The report found that at least 75 out of 176 countries globally are actively using AI technologies for surveillance purposes, including smart city/safe city platforms, now in use by 56 countries; facial recognition systems, being used by 64 countries; and smart policing, now used by law enforcement in 52 countries.
The report’s author, Steven Feldstein, told AP that he was surprised by how many democratic governments in Europe and elsewhere – just over half – are installing AI surveillance such as facial recognition, automated border controls and algorithmic tools to predict when crimes might occur:
I thought it would be most centered in the Gulf States or countries in China’s orbit.
The report didn’t differentiate between lawful uses of AI surveillance, those that violate human rights, or those that fall into what Feldstein called the “murky middle ground.”
Smart city technologies are an example of how murky things can get. In Quayside, the smart city that’s developing on Toronto’s eastern waterfront, good intentions come in the form of sensors meant to serve the public, in that they’re meant to “disrupt everything,” from traffic congestion, healthcare, housing, zoning regulations, to greenhouse-gas emissions and more. But Quayside is also referred to as a privacy dystopia in the making.

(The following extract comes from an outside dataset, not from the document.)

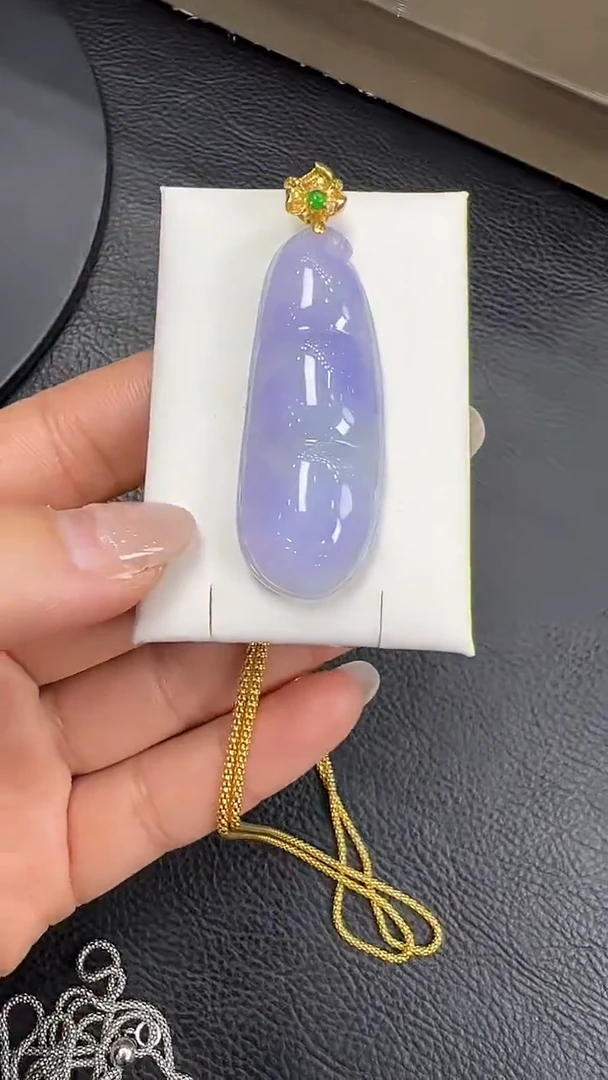 【闪购商品】翡翠挂件18K金镶嵌豆子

The purpose of the research is to show how new surveillance technologies such as these are transforming the way that governments are monitoring and tracking us. It tackles these questions…
- Which countries are adopting AI surveillance technology?
- What specific types of AI surveillance are governments deploying?
- Which countries and companies are supplying this technology?
The Carnegie Endowment for International Peace presents the answers in the first-ever compilation of such data, which it’s calling the AI Global Surveillance (AIGS) index: a “country-by-country snapshot of AI tech surveillance”, mostly concerned with data pulled in from 2017 to 2019. Here’s the full index.
Some highlights:
China doesn’t just use a lot of AI surveillance. It’s also a big exporter of the technologies. The research found that Chinese companies – particularly Huawei, Hikvision, Dahua, and ZTE – supply AI surveillance technology to 63 countries. Huawei alone is responsible for providing AI surveillance technology to at least 50 countries worldwide. “No other company comes close,” the report says. The next largest non-Chinese supplier is Japan’s NEC, which supplies AI surveillance tech to 14 countries.
Chinese vendors often sweeten their product pitches with offers of soft loans to encourage governments to buy. That works particularly well in countries with underdeveloped technology infrastructures, including Kenya, Laos, Mongolia, Uganda, and Uzbekistan, which likely wouldn’t be able to get the technology otherwise. From the report:
This raises troubling questions about the extent to which the Chinese government is subsidizing the purchase of advanced repressive technology.
US companies are also active in worldwide exports. 32 countries are getting their AI surveillance technologies from the US. The most significant exporters are IBM, selling to 11 countries; Palantir, selling to 9; and Cisco, selling to 6.
Other companies based in liberal democracies are proliferating the technologies. France, Germany, Israel, and Japan aren’t “taking adequate steps to monitor and control the spread of sophisticated technologies linked to a range of violations,” the report found.